GIVEN RECORDS:
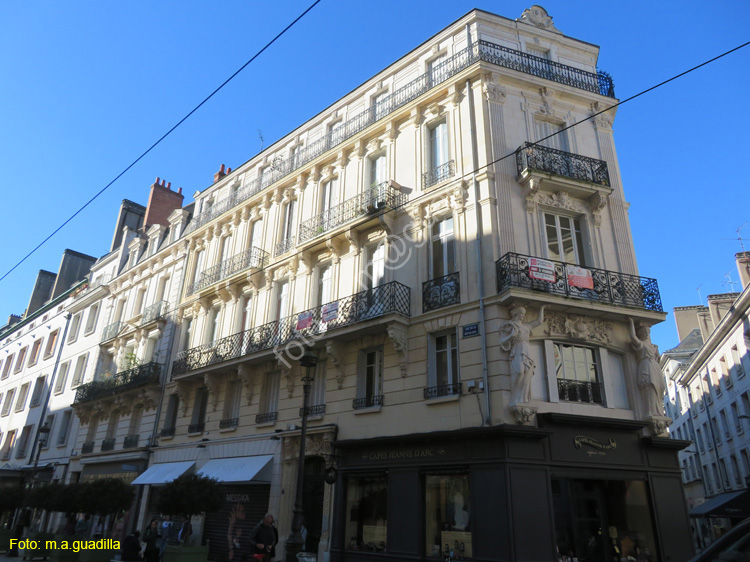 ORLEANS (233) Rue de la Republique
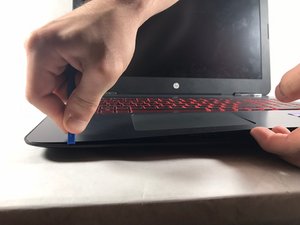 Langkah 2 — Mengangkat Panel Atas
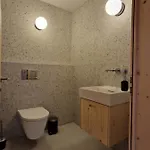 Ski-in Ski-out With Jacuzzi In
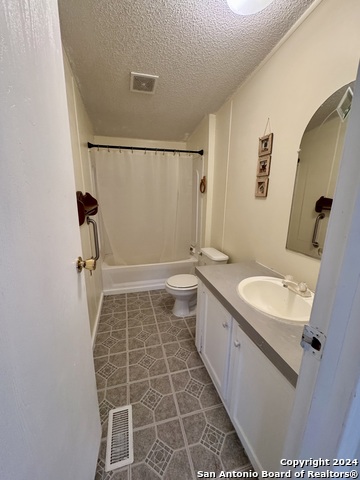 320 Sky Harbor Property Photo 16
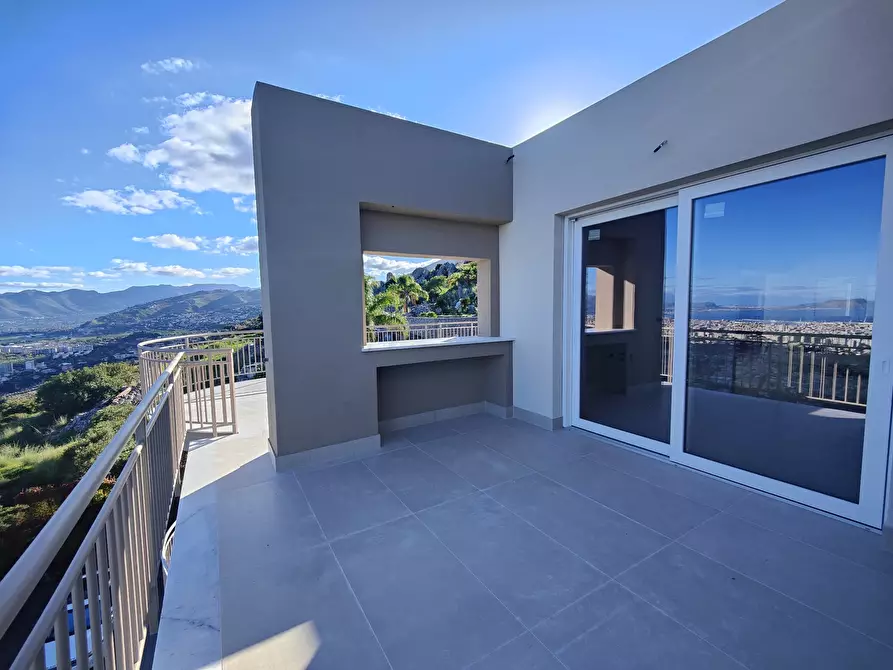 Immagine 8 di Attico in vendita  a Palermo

--

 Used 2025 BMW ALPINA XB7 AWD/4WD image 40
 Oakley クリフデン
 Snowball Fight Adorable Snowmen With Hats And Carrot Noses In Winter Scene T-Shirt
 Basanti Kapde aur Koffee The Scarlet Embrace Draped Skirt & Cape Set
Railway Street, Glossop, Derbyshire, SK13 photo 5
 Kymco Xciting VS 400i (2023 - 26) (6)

EXERCISE BRIEF:
Set down again, word for word, the stretch of records from the line with "Railway Street, Glossop, Derbyshire, SK13" to the line with "Kymco Xciting VS 400i (2023 - 26) (6)", both of those lines included.

RESPONSE TO THE EXERCISE:
Railway Street, Glossop, Derbyshire, SK13 photo 5
 Kymco Xciting VS 400i (2023 - 26) (6)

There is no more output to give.